**What is needed**.
Starting at the first line of the entries below, output every line exactly, up to and including the line with "La Pop Art Boys".

**Source data**.
---+---

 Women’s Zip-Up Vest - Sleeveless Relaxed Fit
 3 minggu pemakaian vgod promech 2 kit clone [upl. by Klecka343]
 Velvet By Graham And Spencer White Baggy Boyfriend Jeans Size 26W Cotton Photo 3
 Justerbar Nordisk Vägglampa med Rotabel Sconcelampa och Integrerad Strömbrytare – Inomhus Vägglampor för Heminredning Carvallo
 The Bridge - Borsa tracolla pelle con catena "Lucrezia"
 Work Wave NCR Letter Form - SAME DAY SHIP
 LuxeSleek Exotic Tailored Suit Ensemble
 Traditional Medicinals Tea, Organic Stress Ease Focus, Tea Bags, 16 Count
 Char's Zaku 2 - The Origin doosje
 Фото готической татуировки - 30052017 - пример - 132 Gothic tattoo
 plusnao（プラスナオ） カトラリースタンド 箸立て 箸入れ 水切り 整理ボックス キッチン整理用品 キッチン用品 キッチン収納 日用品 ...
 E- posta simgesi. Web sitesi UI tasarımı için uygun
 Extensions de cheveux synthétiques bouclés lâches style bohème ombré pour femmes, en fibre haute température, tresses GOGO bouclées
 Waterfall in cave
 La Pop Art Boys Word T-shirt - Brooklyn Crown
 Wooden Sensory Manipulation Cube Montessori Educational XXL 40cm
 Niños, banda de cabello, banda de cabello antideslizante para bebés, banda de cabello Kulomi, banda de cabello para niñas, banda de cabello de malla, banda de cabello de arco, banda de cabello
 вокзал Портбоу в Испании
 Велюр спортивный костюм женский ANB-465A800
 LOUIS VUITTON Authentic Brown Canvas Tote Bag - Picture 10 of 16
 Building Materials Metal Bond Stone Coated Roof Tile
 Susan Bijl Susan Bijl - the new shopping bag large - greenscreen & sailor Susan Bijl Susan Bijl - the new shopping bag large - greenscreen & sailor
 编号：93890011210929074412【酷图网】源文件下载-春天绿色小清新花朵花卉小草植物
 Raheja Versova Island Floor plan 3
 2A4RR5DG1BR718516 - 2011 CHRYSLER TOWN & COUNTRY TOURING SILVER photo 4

---+---

**Answer to the exercise**.
 Women’s Zip-Up Vest - Sleeveless Relaxed Fit
 3 minggu pemakaian vgod promech 2 kit clone [upl. by Klecka343]
 Velvet By Graham And Spencer White Baggy Boyfriend Jeans Size 26W Cotton Photo 3
 Justerbar Nordisk Vägglampa med Rotabel Sconcelampa och Integrerad Strömbrytare – Inomhus Vägglampor för Heminredning Carvallo
 The Bridge - Borsa tracolla pelle con catena "Lucrezia"
 Work Wave NCR Letter Form - SAME DAY SHIP
 LuxeSleek Exotic Tailored Suit Ensemble
 Traditional Medicinals Tea, Organic Stress Ease Focus, Tea Bags, 16 Count
 Char's Zaku 2 - The Origin doosje
 Фото готической татуировки - 30052017 - пример - 132 Gothic tattoo
 plusnao（プラスナオ） カトラリースタンド 箸立て 箸入れ 水切り 整理ボックス キッチン整理用品 キッチン用品 キッチン収納 日用品 ...
 E- posta simgesi. Web sitesi UI tasarımı için uygun
 Extensions de cheveux synthétiques bouclés lâches style bohème ombré pour femmes, en fibre haute température, tresses GOGO bouclées
 Waterfall in cave
 La Pop Art Boys Word T-shirt - Brooklyn Crown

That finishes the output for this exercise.